Tip

Data Deduplication reduces storage and bandwidth requirements by eliminating duplicate data segments across the backup system.

Overview

Duplicate data in data centers can lead to increased storage costs, network bandwidth consumption, and extended backup windows. Deduplication mitigates these issues by identifying and removing redundant copies of data.

Benefits

  • Reduces storage footprint
  • Minimizes network bandwidth usage
  • Shortens backup windows
  • Improves cost-efficiency of data protection

Deduplication Types

Source-Based Deduplication

Info

Deduplication happens before data is transmitted to the backup system.

  • Executed on the client or backup agent
  • Reduces data load sent over the network
  • Ideal for remote sites or bandwidth-constrained environments

Target-Based Deduplication

Info

Deduplication occurs after data reaches the backup target.

  • Performed on the backup device
  • Can be inline (during data write) or post-process (after data is written)
  • Offloads computational burden from clients to backup infrastructure

SISL Deduplication

The deduplication engine called Stream Informed Segment Layout (SISL), enabling efficient inline deduplication.

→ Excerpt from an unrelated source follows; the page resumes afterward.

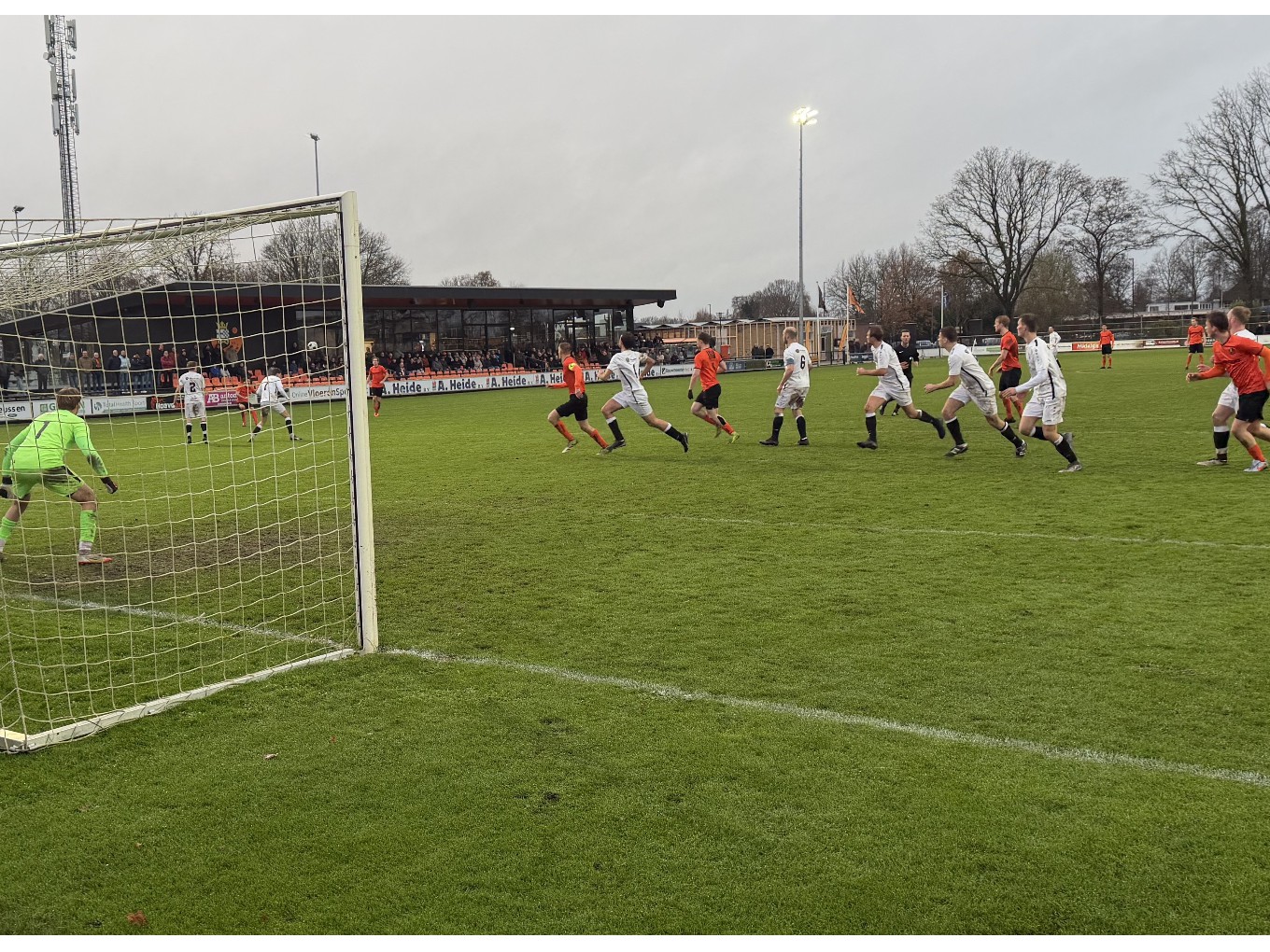 S.V. Nieuwleusen gaat onderuit tegen Stevo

SISL Architecture Highlights

Note

SISL minimizes disk I/O operations by determining segment uniqueness before writing to disk.

  • Stream-Informed Segmentation: Stream parsing defines segment boundaries effectively.
  • Fingerprinting: Unique hash values generated for segments.
  • Filtering: Checks if segments already exist to avoid duplication.
  • Local Compression: Further compresses deduplicated data.
  • Save to Disk: Only unique and compressed segments are written.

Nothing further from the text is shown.